# kusang naligaw sa kanyang bank-account



## romelako

Hello everyone.  I just needed a quick translation of the following text.  My only problem with this entire excerpt is the bolded part.  

“Yes, parang gano’n. Pero hindi naman ninakaw ng taong sinasabi ko ang 10 million, Bentley, *kusang naligaw sa kanyang bank-account...*”

I can't directly translate it, but I think it's trying to say that the bank account was purposely lost.  I'm not sure though.  Clarification please?  Thanks in advanced.

~ Romel


----------



## niernier

it says that the 10 million was "spontaneously" transferred or moved to his account.

naligaw means "lost" but it is idiomatic in the sense that instead of going to the preferred bank-count it was transferred to another account. It's closer to the meaning of "misplaced" in this context. 

kusa means happening without external cause or control.

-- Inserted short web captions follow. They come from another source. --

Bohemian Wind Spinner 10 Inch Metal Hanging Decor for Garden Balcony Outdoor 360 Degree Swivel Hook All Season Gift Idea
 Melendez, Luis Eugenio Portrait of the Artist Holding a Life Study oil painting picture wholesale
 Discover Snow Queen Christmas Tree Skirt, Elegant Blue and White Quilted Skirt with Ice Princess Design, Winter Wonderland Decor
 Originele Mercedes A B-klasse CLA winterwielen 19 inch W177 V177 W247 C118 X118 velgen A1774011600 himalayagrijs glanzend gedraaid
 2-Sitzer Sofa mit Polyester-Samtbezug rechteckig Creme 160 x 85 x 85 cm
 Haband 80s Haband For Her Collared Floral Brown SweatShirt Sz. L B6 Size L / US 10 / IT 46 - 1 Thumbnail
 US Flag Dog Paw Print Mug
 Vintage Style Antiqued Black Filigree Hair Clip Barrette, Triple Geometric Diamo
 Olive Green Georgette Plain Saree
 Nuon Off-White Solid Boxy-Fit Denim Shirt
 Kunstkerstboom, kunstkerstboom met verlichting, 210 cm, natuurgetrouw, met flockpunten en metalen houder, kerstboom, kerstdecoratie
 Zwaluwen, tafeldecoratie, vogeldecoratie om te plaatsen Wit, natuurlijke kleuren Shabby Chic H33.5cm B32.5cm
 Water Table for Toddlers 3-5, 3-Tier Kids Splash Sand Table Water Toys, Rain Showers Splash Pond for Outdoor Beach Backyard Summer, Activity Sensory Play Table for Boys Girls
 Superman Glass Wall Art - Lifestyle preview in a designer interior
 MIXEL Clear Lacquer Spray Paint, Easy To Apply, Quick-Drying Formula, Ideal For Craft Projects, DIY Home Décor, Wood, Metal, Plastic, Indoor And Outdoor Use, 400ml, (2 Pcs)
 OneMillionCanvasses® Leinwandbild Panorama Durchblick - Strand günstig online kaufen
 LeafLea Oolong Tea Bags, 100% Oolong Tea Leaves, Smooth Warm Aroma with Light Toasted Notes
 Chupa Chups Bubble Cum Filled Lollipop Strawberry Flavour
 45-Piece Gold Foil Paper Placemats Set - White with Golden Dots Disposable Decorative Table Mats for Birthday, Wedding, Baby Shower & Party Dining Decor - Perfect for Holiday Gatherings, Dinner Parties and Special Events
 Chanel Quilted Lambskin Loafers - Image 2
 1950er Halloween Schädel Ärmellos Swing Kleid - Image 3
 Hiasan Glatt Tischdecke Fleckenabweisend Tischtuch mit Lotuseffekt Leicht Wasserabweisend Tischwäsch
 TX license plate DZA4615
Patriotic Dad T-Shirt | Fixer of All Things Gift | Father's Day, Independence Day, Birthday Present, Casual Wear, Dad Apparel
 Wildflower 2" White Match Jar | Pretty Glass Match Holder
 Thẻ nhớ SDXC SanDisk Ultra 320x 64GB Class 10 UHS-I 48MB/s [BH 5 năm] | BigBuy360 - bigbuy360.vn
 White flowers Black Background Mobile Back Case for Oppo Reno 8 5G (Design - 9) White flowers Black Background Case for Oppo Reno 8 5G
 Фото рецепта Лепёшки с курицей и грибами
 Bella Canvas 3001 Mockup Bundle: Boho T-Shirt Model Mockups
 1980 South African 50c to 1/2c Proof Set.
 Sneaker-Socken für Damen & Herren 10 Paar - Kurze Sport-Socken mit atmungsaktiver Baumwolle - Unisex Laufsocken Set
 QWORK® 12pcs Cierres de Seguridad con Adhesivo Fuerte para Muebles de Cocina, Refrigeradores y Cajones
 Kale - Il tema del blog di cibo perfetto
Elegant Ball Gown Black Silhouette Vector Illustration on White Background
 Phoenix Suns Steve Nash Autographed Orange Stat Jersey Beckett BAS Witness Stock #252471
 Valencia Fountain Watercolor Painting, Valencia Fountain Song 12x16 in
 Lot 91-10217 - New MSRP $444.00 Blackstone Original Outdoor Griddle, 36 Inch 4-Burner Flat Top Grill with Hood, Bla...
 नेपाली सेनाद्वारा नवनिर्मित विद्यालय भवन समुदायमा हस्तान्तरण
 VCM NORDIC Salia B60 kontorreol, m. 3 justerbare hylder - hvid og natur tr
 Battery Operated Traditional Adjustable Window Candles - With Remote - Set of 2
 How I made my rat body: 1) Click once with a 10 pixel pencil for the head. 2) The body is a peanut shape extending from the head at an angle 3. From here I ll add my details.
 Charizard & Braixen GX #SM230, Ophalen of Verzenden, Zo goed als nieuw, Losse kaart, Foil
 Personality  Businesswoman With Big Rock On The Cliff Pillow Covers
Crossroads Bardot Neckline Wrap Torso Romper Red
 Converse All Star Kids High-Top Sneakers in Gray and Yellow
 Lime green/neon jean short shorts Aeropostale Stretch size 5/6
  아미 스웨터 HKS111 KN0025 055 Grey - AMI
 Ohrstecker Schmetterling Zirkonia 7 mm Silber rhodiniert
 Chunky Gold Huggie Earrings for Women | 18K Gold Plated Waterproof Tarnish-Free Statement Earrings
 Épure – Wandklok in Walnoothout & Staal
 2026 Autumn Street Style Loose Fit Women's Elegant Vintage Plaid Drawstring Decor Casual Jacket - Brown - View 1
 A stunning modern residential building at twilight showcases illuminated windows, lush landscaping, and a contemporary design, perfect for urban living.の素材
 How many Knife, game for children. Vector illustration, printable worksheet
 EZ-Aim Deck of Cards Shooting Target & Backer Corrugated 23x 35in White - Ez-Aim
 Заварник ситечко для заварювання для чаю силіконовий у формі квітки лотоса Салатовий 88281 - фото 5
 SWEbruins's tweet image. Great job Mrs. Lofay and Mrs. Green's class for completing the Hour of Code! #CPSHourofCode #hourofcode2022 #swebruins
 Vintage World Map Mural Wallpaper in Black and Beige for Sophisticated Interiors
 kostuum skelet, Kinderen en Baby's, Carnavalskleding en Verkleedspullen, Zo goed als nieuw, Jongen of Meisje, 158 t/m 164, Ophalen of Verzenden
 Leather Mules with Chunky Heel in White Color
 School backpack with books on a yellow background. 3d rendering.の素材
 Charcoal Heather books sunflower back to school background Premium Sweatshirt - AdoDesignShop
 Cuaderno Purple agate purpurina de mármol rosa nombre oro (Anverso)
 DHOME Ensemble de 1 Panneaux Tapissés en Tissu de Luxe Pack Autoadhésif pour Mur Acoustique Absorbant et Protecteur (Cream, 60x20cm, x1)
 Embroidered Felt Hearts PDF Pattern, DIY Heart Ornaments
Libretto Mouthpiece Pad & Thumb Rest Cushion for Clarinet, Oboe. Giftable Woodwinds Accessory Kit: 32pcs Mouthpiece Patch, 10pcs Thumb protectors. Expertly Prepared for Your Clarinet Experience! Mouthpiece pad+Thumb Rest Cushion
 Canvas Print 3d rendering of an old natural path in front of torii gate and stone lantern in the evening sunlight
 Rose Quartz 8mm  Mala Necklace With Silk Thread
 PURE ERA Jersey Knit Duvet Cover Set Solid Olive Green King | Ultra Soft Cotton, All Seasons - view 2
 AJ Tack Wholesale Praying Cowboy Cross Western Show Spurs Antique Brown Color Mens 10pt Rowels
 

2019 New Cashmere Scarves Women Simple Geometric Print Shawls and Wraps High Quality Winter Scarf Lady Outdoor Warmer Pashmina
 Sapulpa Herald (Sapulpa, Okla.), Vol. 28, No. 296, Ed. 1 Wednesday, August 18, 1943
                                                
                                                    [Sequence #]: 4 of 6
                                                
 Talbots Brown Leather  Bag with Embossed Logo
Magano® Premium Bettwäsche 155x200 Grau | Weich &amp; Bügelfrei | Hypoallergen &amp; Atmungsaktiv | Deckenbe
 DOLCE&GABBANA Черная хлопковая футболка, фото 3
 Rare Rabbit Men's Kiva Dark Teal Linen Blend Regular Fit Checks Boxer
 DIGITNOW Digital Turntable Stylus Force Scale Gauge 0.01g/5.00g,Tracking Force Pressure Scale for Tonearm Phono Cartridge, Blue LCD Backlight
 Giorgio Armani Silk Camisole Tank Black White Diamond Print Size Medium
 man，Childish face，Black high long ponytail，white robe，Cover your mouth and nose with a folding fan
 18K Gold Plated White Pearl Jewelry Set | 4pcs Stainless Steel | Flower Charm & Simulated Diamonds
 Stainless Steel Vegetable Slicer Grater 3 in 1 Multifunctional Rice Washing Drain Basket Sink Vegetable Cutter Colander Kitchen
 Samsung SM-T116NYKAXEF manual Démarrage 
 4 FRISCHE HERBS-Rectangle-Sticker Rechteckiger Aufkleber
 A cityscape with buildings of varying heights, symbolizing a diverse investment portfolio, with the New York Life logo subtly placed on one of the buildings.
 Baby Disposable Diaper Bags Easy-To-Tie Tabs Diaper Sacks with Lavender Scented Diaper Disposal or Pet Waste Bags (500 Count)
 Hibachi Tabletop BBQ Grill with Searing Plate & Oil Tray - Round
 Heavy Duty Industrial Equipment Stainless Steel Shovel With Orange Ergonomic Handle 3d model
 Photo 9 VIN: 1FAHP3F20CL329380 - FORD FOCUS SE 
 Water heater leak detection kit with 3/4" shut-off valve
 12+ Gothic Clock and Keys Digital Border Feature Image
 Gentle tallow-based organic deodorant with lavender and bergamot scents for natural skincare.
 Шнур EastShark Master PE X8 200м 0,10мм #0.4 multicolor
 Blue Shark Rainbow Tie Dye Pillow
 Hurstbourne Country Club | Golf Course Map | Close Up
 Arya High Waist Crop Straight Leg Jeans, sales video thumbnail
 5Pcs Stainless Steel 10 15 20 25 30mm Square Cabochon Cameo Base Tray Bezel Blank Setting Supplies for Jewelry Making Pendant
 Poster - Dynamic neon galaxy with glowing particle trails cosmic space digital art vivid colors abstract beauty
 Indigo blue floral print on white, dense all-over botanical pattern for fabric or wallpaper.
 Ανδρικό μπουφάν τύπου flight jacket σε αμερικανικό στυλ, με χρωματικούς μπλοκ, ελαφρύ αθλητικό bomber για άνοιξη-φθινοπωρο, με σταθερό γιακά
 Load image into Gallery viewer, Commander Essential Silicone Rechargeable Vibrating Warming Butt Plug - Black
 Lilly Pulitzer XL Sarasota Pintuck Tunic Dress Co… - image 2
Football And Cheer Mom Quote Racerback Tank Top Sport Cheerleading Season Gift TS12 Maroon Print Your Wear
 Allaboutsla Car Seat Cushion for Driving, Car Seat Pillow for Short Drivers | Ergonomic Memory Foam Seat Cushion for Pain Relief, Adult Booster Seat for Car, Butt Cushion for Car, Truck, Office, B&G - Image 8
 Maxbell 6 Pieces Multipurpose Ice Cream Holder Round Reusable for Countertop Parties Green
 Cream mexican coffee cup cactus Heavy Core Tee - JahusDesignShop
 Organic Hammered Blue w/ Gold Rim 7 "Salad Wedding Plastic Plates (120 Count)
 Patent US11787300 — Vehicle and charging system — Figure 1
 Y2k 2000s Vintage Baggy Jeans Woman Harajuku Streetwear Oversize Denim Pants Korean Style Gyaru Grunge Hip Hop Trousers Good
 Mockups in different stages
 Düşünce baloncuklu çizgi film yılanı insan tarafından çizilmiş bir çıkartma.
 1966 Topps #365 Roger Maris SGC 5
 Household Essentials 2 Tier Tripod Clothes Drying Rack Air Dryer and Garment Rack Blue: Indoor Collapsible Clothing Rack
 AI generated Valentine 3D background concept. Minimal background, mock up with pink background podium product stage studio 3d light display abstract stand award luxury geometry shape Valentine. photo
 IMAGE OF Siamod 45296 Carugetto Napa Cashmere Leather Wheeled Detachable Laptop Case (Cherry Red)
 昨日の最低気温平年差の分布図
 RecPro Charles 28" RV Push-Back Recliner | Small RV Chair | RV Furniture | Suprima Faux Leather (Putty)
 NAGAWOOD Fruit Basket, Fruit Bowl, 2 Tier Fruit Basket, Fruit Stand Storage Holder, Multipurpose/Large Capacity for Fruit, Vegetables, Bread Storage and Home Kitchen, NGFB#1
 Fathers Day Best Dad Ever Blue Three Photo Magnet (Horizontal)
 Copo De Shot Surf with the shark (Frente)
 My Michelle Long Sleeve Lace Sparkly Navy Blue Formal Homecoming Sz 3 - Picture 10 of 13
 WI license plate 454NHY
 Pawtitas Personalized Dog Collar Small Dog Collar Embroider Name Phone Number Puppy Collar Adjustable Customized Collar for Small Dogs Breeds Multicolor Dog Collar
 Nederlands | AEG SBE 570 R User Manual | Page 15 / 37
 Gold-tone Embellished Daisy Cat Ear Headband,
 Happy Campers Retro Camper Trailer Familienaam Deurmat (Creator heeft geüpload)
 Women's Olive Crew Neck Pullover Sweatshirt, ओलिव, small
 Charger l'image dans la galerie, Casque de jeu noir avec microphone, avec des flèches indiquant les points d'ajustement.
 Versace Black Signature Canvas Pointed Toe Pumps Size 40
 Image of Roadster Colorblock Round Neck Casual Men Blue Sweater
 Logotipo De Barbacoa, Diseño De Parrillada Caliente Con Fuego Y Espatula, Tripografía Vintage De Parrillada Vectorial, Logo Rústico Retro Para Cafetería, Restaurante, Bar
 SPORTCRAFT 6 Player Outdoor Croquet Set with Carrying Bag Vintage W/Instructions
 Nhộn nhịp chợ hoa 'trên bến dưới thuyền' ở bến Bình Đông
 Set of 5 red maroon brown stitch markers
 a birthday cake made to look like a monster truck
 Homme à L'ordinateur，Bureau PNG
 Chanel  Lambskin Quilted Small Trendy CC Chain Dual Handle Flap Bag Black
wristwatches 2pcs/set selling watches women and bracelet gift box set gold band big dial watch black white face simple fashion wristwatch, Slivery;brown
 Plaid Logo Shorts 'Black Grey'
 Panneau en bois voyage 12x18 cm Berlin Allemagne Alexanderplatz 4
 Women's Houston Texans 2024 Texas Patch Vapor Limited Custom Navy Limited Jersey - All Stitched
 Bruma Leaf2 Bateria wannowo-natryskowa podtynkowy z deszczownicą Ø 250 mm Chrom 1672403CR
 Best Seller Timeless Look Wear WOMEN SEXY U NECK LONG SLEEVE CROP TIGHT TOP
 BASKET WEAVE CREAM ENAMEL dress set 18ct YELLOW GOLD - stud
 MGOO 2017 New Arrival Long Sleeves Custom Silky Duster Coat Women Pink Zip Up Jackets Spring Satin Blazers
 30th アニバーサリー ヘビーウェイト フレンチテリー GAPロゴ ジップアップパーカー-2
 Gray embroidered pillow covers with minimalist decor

If I am not wrong, the word for this in English is spontaneous.

so "kusang naligaw sa kanyang bank account" means that the money was not stolen but spontaneously transferred to his back account.

The whole text can be translated to:
*
"But the person I was talking about didn't stole the 10 million, Bentley, it just went to his bank account"*


----------



## DotterKat

I agree with niernier's suggestions.
Also, you could say that "..... he did not steal the 10 million, Bentley, it was just *misdirected* _OR _*wrongly transferred* into his account."

In newspaper accounts of this type of incident happening, the term used was "wrongly transferred."


----------